Publications - Cell and Metabolic Biology

Methylerythritol cyclodiphosphate (MEcPP) is an intermediate in the biosynthesis of isoprenoids in plant plastids and in bacteria, and acts as a stress signal in plants. Here, we show that MEcPP regulates biofilm formation in Escherichia coli K-12 MG1655. Increased MEcPP levels, triggered by genetic manipulation or oxidative stress, inhibit biofilm development and production of fimbriae. Deletion of fimE, encoding a protein known to downregulate production of adhesive fimbriae, restores biofilm formation in cells with elevated MEcPP levels. Limited proteolysis-coupled mass spectrometry (LiP-MS) reveals that MEcPP interacts with the global regulatory protein H-NS, which is known to repress transcription of fimE. MEcPP prevents the binding of H-NS to the fimE promoter. Therefore, our results indicate that MEcPP can regulate biofilm formation by modulating H-NS activity and thus reducing fimbriae production. Further research is needed to test whether MEcPP plays similar regulatory roles in other bacteria.

Type III secretion (T3S) systems are essential pathogenicity factors of most Gram-negative bacteria and translocate effector proteins into plant or animal cells. T3S systems can, therefore, be used as tools for protein delivery into eukaryotic cells, for instance after transfer of the T3S gene cluster into nonpathogenic recipient strains. Here, we report the modular cloning of the T3S gene cluster from the plant-pathogenic bacterium Xanthomonas euvesicatoria. The resulting multigene construct encoded a functional T3S system and delivered effector proteins into plant cells. The modular design of the T3S gene cluster allowed the efficient replacement and rearrangement of single genes or operons and the insertion of reporter genes for functional studies. In the present study, we used the modular T3S system to analyze the assembly of a fluorescent fusion of the predicted cytoplasmic ring protein HrcQ. Our studies demonstrate the use of the modular T3S gene cluster for functional analyses and mutant approaches in X. euvesicatoria. A potential application of the modular T3S system as protein delivery tool is discussed.

Most Gram-negative phytopathogenic bacteria inject type III effector (T3E) proteins into plant cells to manipulate signaling pathways to the pathogen’s benefit. In resistant plants, specialized immune receptors recognize single T3Es or their biochemical activities, thus halting pathogen ingress. However, molecular function and mode of recognition for most T3Es remains elusive. Here, we show that the Xanthomonas T3E XopH possesses phytase activity, i.e., dephosphorylates phytate (myo-inositol-hexakisphosphate, InsP6), the major phosphate storage compound in plants, which is also involved in pathogen defense. A combination of biochemical approaches, including a new NMR-based method to discriminate inositol polyphosphate enantiomers, identifies XopH as a naturally occurring 1-phytase that dephosphorylates InsP6 at C1. Infection of Nicotiana benthamiana and pepper by Xanthomonas results in a XopH-dependent conversion of InsP6 to InsP5. 1-phytase activity is required for XopH-mediated immunity of plants carrying the Bs7 resistance gene, and for induction of jasmonate- and ethylene-responsive genes in N. benthamiana.

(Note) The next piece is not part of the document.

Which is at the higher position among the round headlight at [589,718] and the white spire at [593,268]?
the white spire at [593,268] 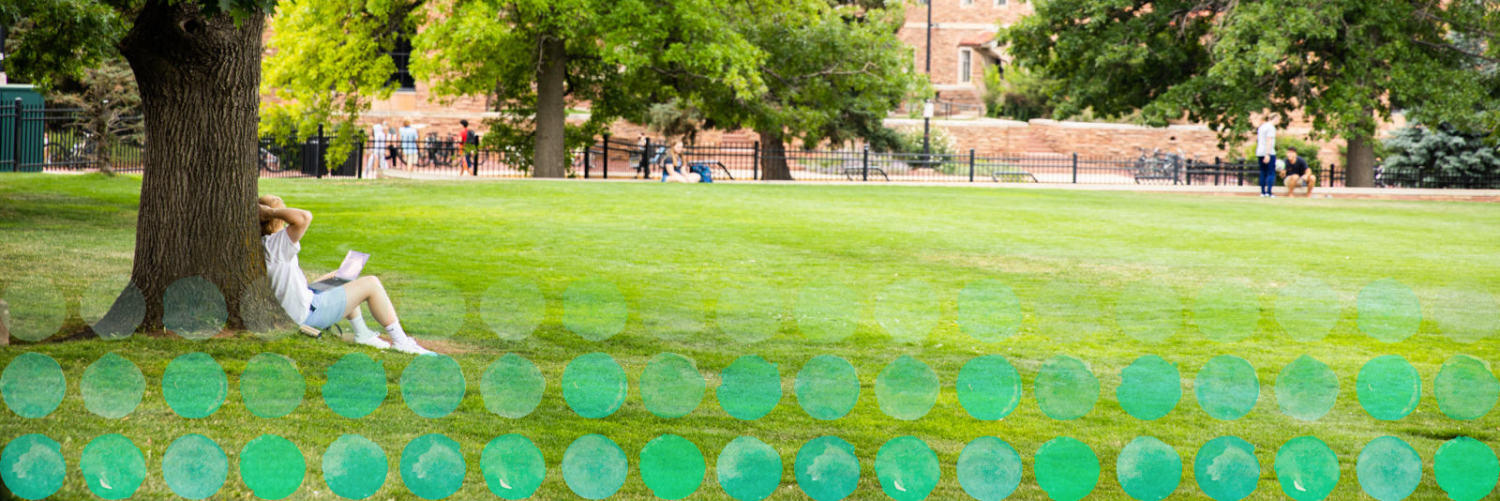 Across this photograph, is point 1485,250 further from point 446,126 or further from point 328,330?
point 446,126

Rosemary extracts containing the phenolic diterpenes carnosic acid and its derivative carnosol are approved food additives used in an increasingly wide range of products to enhance shelf-life, thanks to their high anti-oxidant activity. We describe here the elucidation of the complete biosynthetic pathway of carnosic acid and its reconstitution in yeast cells. Cytochrome P450 oxygenases (CYP76AH22-24) from Rosmarinus officinalis and Salvia fruticosa already characterized as ferruginol synthases are also able to produce 11-hydroxyferruginol. Modelling-based mutagenesis of three amino acids in the related ferruginol synthase (CYP76AH1) from S. miltiorrhiza is sufficient to convert it to a 11-hydroxyferruginol synthase (HFS). The three sequential C20 oxidations for the conversion of 11-hydroxyferruginol to carnosic acid are catalysed by the related CYP76AK6-8. The availability of the genes for the biosynthesis of carnosic acid opens opportunities for the metabolic engineering of phenolic diterpenes, a class of compounds with potent anti-oxidant, anti-inflammatory and anti-tumour activities.

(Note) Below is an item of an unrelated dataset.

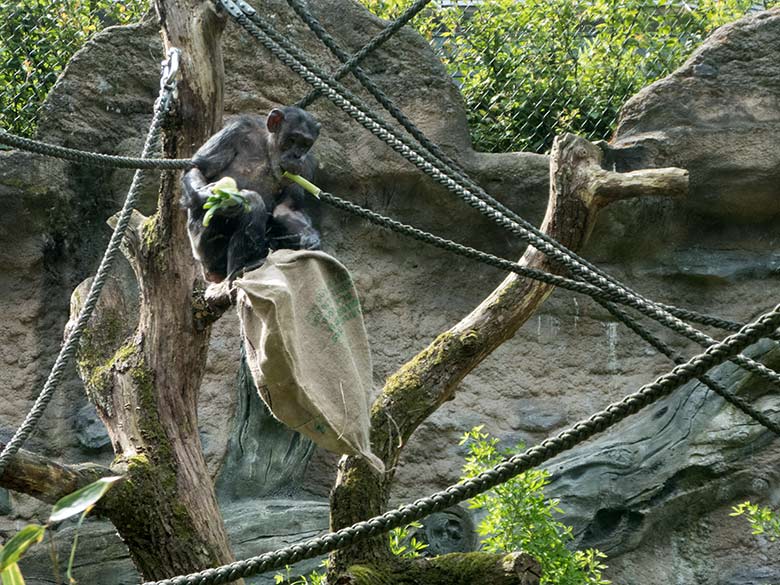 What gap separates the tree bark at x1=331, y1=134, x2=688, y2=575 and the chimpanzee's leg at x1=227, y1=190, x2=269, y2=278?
2.57 ft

Plant Synthetic Biology requires robust and efficient methods for assembling multigene constructs. Golden Gate cloning provides a precision module-based cloning technique for facile assembly of multiple genes in one construct. We present here a versatile resource for plant biologists comprising a set of cloning vectors and 96 standardized parts to enable Golden Gate construction of multigene constructs for plant transformation. Parts include promoters, untranslated sequences, reporters, antigenic tags, localization signals, selectable markers, and terminators. The comparative performance of parts in the model plant Nicotiana benthamiana is discussed.